### WORK REQUEST
There is one span to output from the data below: the lines starting at the line with "image for item" and ending at the line with "Simeone y el". Output it exactly, ends included, nothing more.

### DATASET

++++++++

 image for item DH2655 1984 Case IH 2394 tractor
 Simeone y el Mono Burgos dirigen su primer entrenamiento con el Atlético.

++++++++

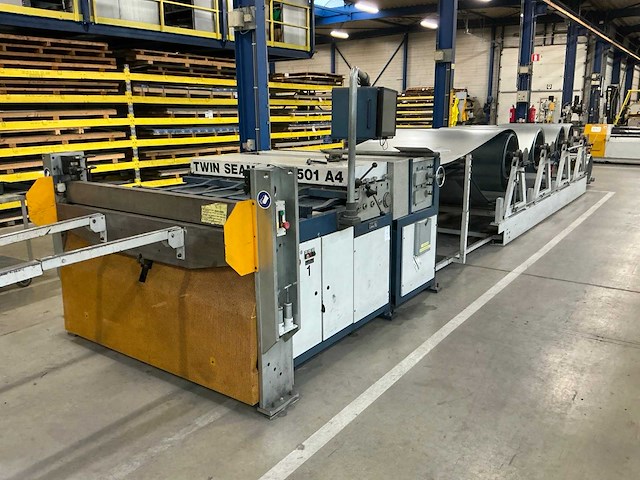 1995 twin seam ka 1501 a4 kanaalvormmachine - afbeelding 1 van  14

++++++++

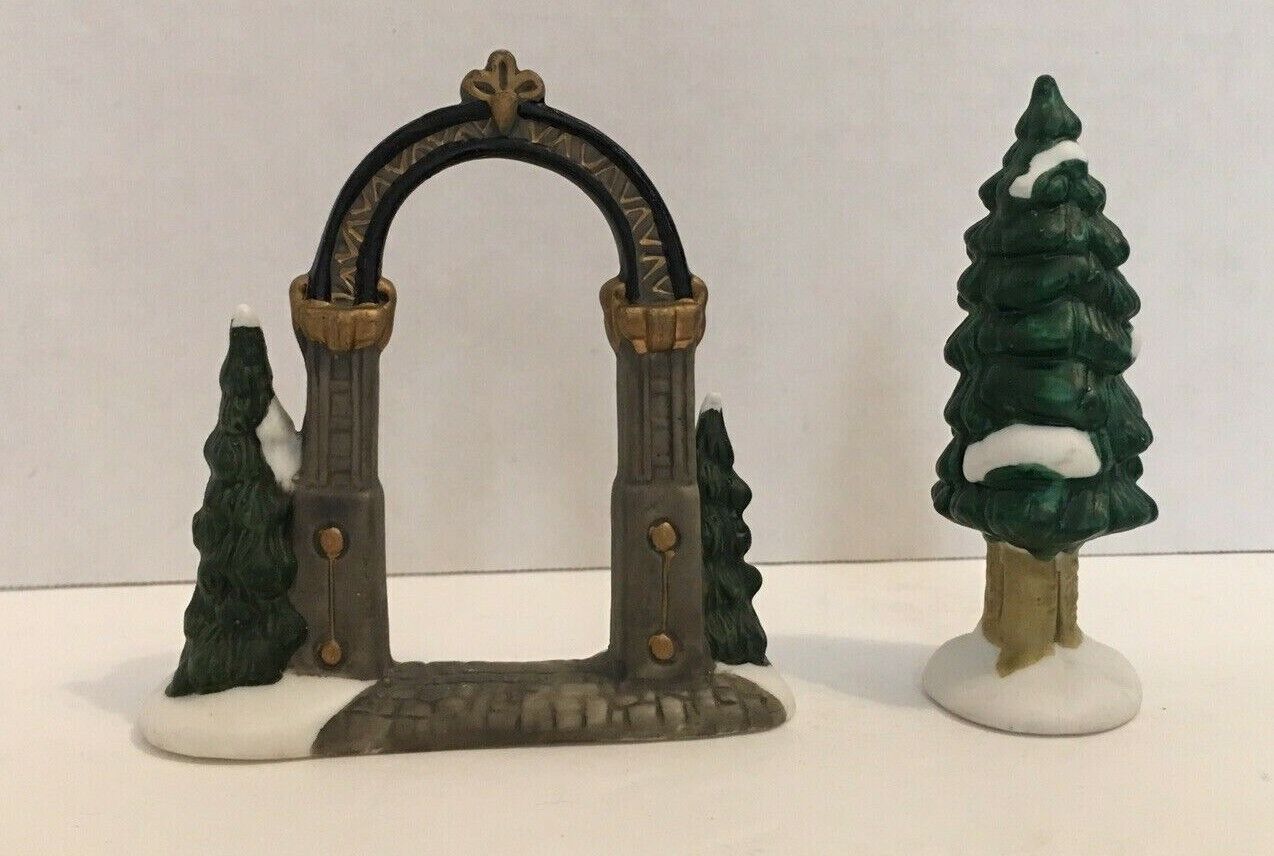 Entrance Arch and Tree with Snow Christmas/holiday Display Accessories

++++++++

### ANSWER TO THIS PROBLEM
 image for item DH2655 1984 Case IH 2394 tractor
 Simeone y el Mono Burgos dirigen su primer entrenamiento con el Atlético.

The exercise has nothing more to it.